Another collaborative, the Health AI Partnership (HAIP), is engaging in multiple efforts to assist health delivery organizations (HDOs) in evaluating AI tools for safe and effective use. For example, HAIP has piloted a hub-and-spoke network to support local HDOs that do not have the resources and capabilities to evaluate their AI tools. The partnership, led by the Duke Institute for Health Innovation, has also developed the AI Vendor Disclosure Framework, intended to help HDOs and vendors evaluate AI systems via expert guidance on how to surface critical information. (Two DLA Piper attorneys, Danny Tobey, M.D., J.D., and Zev Eigen, J.D., Ph.D., sit on HAIP’s Leadership Council.)

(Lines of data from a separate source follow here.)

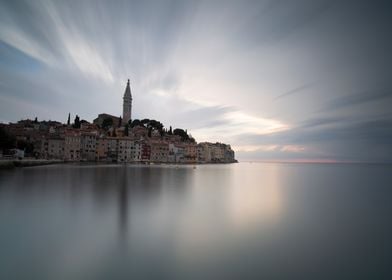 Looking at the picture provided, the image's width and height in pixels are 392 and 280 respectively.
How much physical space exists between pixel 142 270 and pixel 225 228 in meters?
3.88

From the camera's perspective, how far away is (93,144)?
5656 centimetres

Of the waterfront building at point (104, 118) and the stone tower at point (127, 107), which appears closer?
the waterfront building at point (104, 118)

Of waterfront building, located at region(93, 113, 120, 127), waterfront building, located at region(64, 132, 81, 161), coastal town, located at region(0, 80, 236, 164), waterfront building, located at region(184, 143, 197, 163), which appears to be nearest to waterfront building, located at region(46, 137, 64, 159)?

While pre-deployment evaluation of medical AI tools is crucial, so is monitoring and evaluating them after deployment. In recognition of needs in this area, an Aspen Policy Fellow has developed a framework for post-deployment evaluation of AI-enabled clinical decision support tools.

Finally, some research has focused on LLM use in patient-facing contexts rather than use by medical professionals. A set of researchers from South Korea developed a benchmark, PatientSafeBench, to evaluate such LLMs. Their results from testing 11 models on that benchmark were “that no model met our safety criteria for patient use, with medical-specific LLMs surprisingly underperforming general-purpose models.”

While regulatory, research, and community efforts proceed, makers and sellers of AI-enabled healthcare products – especially those designed or used for mental health – remain under scrutiny by regulators, healthcare institutions, and the public. In this climate, developers and deployers should ensure that marketing claims are backed up by reliable testing and that they’ve identified and mitigated any substantial risks to users. Among other things, they shouldn’t rely on bold claims about, or based on, unscientific benchmarks. Regardless of what the FDA and others may do in this area, due diligence here may be a legal requirement under other federal or state legal regimes, such as the FTC Act and AI-related state laws, as well as laws and rules in the European Union and other parts of the world.